|Calvin Johnson needs to play a bigger role for the Lions to get into the playoffs. (US Presswire)|
Were it not for a botched final play, and more questionable decisions from the NFL's replacement officials, Detroit's 44-41 loss to the Tennessee Titans had the potential to be one of the greatest comeback stories in team or league history.
The problem is that Detroit shouldn't have been in the position to need a 14-point comeback in the final two minutes of regulation to force overtime. The Lions allowed what on paper is a vastly inferior Titans team to dictate large portions of the game. That can't happen again if Detroit wants to have any chance of returning to the playoffs this season.

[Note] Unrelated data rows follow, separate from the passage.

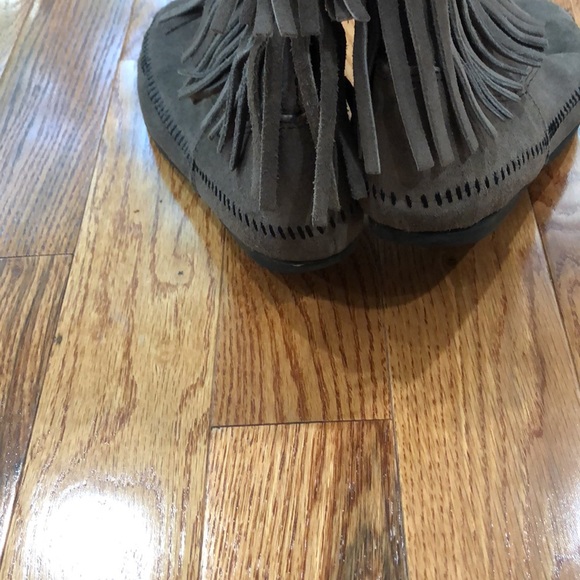 Minnetonka 3-Layer Fringe Boot - Picture 8 of 8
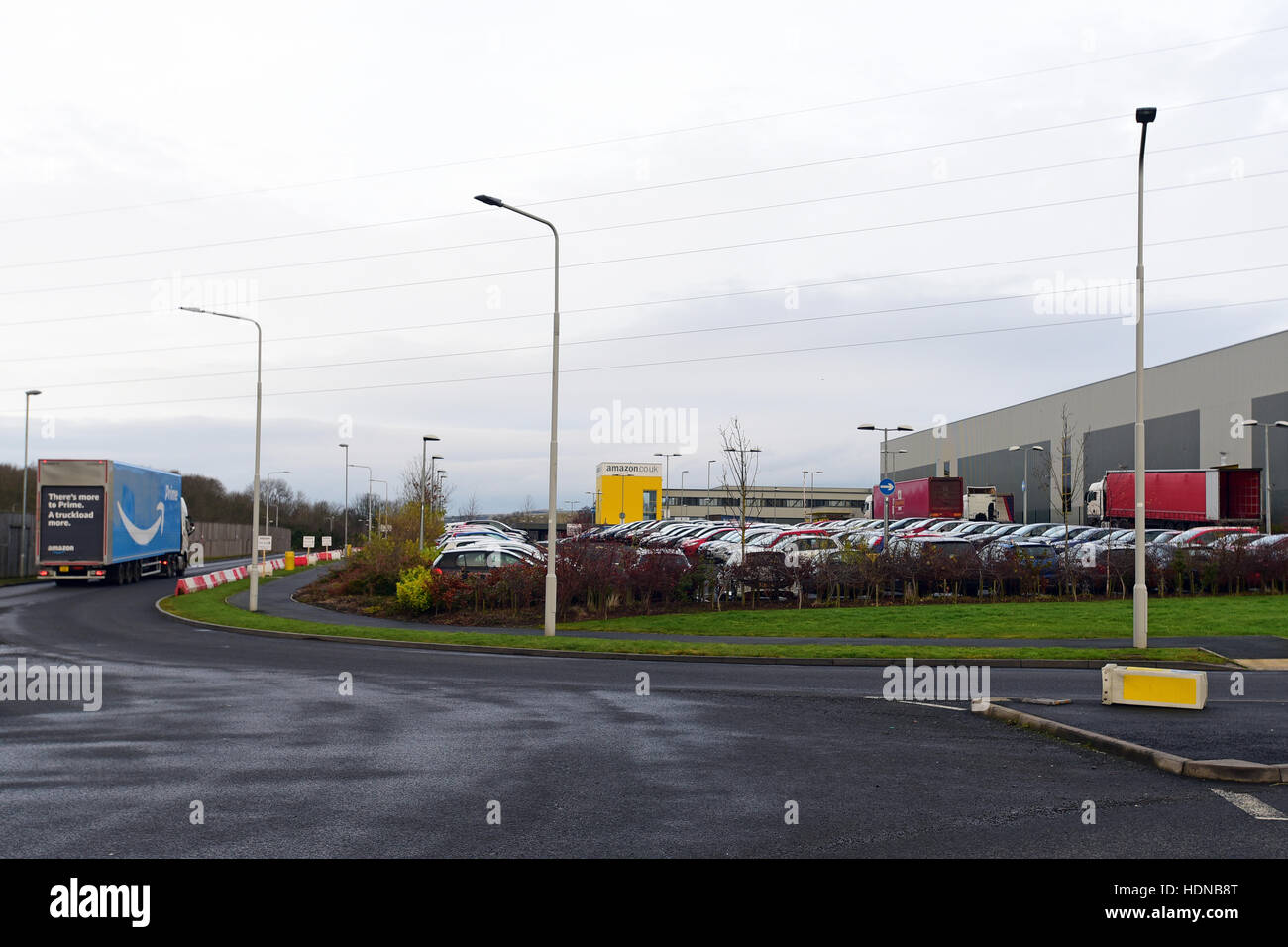 Dunfermline, Scotland, United Kingdom, 14, December, 2016. Retail giant Amazon's largest UK distribution centre in Dunfermline, Fife, which is facing criticism about working conditions following an undercover newspaper report, Credit:  Ken Jack / Alamy Live News Stock Photo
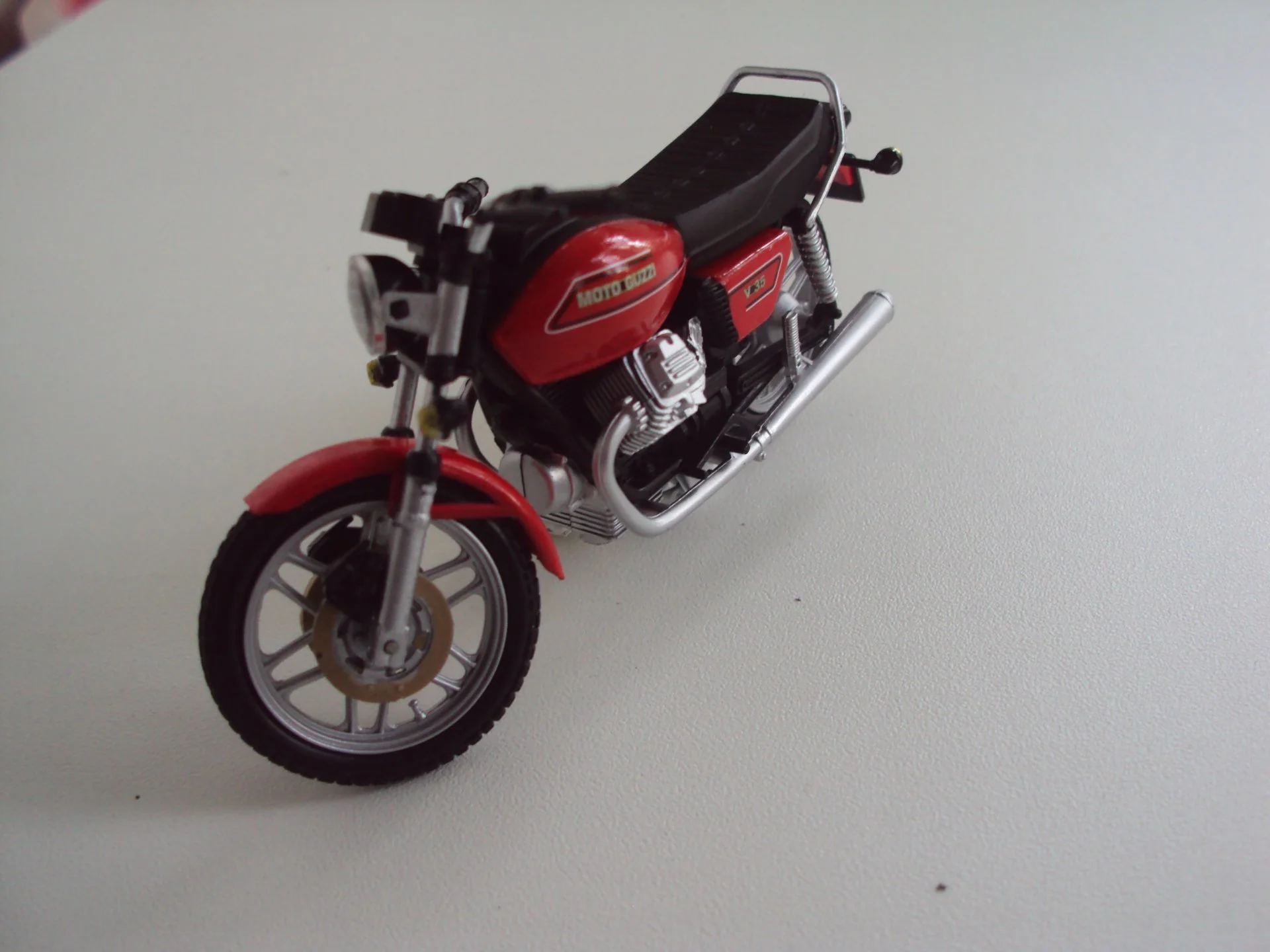 Мотоцикл MOTO GUZZI V 35 - миниатюра 3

RB Mikel Leshoure's 26 carries for 100 yards gave Detroit a truly balanced offensive attack. Leshoure's performance was wasted somewhat by the Lions' inefficiency on third down (3-12), the team's inability to solve Tennessee's two-high safety coverage in the first half, and a miscommunication on the final fourth down. Part of Detroit's offensive difficulty before halftime stemmed from their virtual abandonment of Calvin Johnson. Johnson had just two first half targets, and the team had nine points. By contrast, Johnson was targeted 10 times in the second half, and Detroit put 32 points on the board. Reserve QB Shaun Hill deserves commendation for his performance in relief of Matthew Stafford. Hill entered the game with virtually no warm-up, and impressively engineered two scoring drives in 76 seconds.

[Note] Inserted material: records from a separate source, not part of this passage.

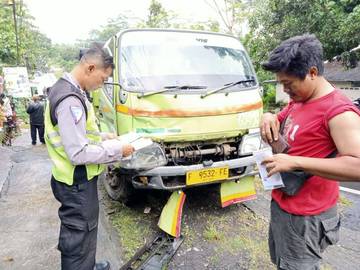 Truk Oleng Saat Hujan, Pengendara Motor Tewas Wonogiri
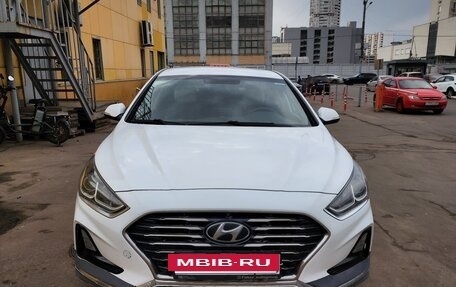 Hyundai Sonata VIII, 2019 год, 1 150 000 рублей, 2 фотография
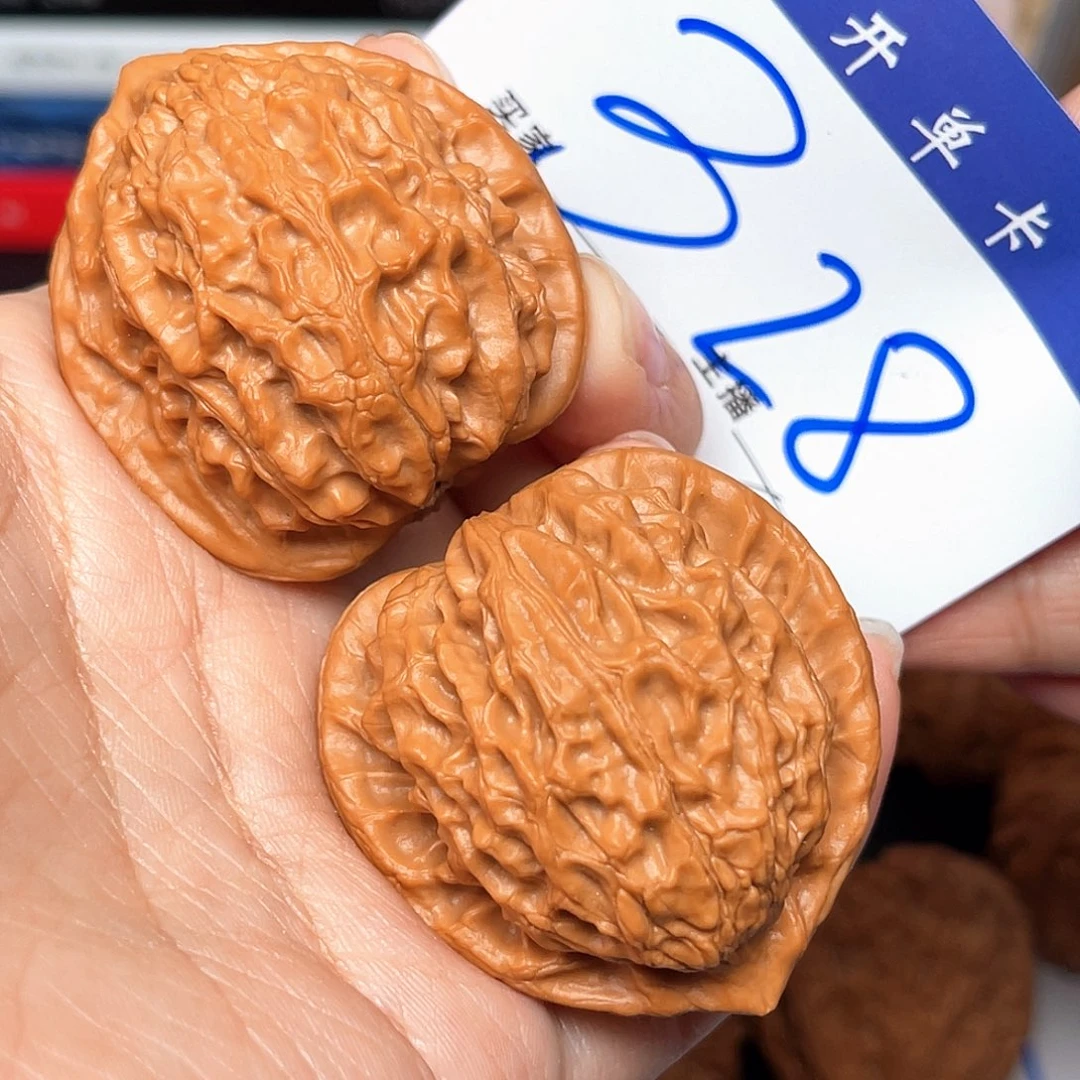 文玩核桃吊坠金牛40尺寸y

Cornerback Chris Houston's yeomen's effort is the only reason the defense didn't receive a failing grade. The Lions' vaunted D-line was a non-factor, failing to register a sack against a patchwork Titans offensive line. Detroit's linebacking corps struggled in pursuit of both Titans QB Jake Locker and his receivers. Apart from Houston's performance, the secondary could be best described as embarrassing. The DB corps allowed three touchdown plays of 60-plus yards, including one where Titans receiver Nate Washington caught a ball off of CB Jacob Lacey's shoulder pads that resulted in a 71-yard score.
Special Teams: D-
Like the defense, the efforts of a single player – kicker Jason Hanson – kept the unit from being described as an unabashed failure. He made all seven of his kicking attempts (four FGs, three PATs), and filled in admirably at punter for the injured Ben Graham. Hanson's efforts were overshadowed, however, by abysmal kickoff and punt coverage. Detroit fell victim to a carbon copy of Tennessee's “Music City Miracle” play on a first half punt, and the unit was manhandled by Titans' blockers while surrendering the longest kick return for a touchdown in Titans franchise history.

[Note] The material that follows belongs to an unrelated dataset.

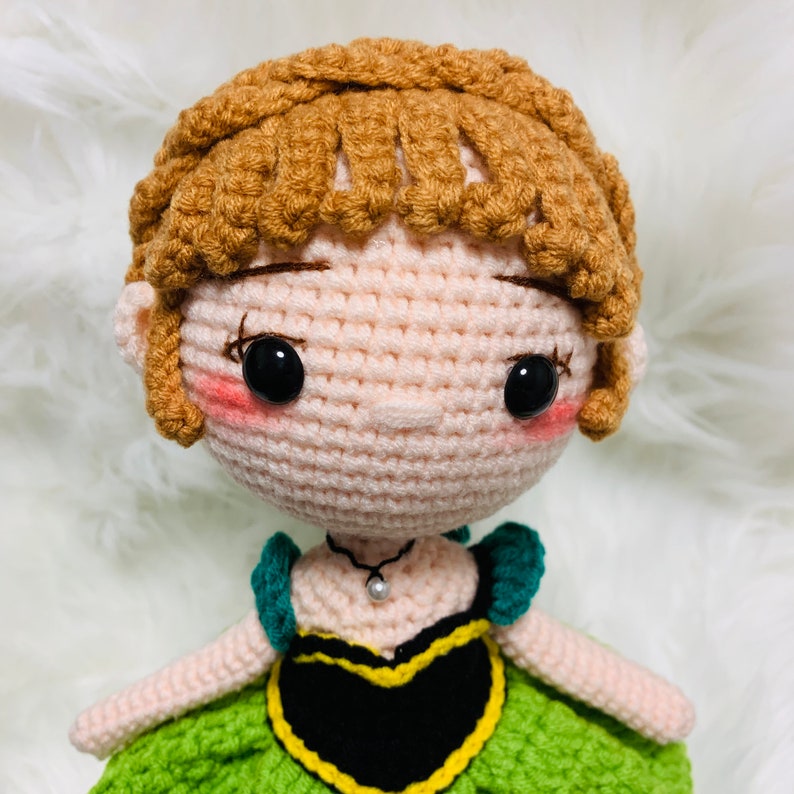 10 inches Crochet Elsa Anna Princess Doll, Handmade Disney Inspired ice Princess Amigurumi Doll Gift image 3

Detroit's commitment to re-establishing the run is admirable, and the fact that the Lions trailed by 14 points late in Sunday's game was due more to poor player execution than a substandard game plan. Any positives among the coaching staff's performance are mitigated by a continued lack of discipline – Detroit was penalized 10 times for 91 yards -- and the costly decision to try and draw Tennessee offside on the game's final play without using a huddle or calling time out. Ensuring that your team is on the same page in key situations is a responsibility that lies with the coaches, and Jim Schwartz and his staff failed when it counted the most.